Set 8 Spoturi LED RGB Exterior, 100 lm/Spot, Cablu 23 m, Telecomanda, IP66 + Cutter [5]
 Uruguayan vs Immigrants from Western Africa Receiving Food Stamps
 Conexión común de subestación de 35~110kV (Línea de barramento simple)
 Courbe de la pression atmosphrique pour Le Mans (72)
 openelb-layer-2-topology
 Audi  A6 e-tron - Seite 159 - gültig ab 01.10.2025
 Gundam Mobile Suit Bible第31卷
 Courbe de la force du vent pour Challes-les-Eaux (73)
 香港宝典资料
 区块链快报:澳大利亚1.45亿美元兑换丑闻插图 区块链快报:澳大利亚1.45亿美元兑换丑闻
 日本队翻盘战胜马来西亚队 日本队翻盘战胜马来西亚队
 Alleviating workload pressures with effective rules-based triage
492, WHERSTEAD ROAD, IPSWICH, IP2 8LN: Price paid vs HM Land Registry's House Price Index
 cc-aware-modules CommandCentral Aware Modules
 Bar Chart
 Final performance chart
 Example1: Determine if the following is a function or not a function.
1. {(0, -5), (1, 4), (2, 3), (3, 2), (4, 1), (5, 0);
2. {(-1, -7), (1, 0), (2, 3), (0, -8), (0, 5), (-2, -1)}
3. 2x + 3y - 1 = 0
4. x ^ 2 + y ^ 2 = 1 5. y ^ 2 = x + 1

• _AIM OF THE TASK_:
Copy out all of the lines above exactly.

• _EXERCISE ANSWER_:
Set 8 Spoturi LED RGB Exterior, 100 lm/Spot, Cablu 23 m, Telecomanda, IP66 + Cutter [5]
 Uruguayan vs Immigrants from Western Africa Receiving Food Stamps
 Conexión común de subestación de 35~110kV (Línea de barramento simple)
 Courbe de la pression atmosphrique pour Le Mans (72)
 openelb-layer-2-topology
 Audi  A6 e-tron - Seite 159 - gültig ab 01.10.2025
 Gundam Mobile Suit Bible第31卷
 Courbe de la force du vent pour Challes-les-Eaux (73)
 香港宝典资料
 区块链快报:澳大利亚1.45亿美元兑换丑闻插图 区块链快报:澳大利亚1.45亿美元兑换丑闻
 日本队翻盘战胜马来西亚队 日本队翻盘战胜马来西亚队
 Alleviating workload pressures with effective rules-based triage
492, WHERSTEAD ROAD, IPSWICH, IP2 8LN: Price paid vs HM Land Registry's House Price Index
 cc-aware-modules CommandCentral Aware Modules
 Bar Chart
 Final performance chart
 Example1: Determine if the following is a function or not a function.
1. {(0, -5), (1, 4), (2, 3), (3, 2), (4, 1), (5, 0);
2. {(-1, -7), (1, 0), (2, 3), (0, -8), (0, 5), (-2, -1)}
3. 2x + 3y - 1 = 0
4. x ^ 2 + y ^ 2 = 1 5. y ^ 2 = x + 1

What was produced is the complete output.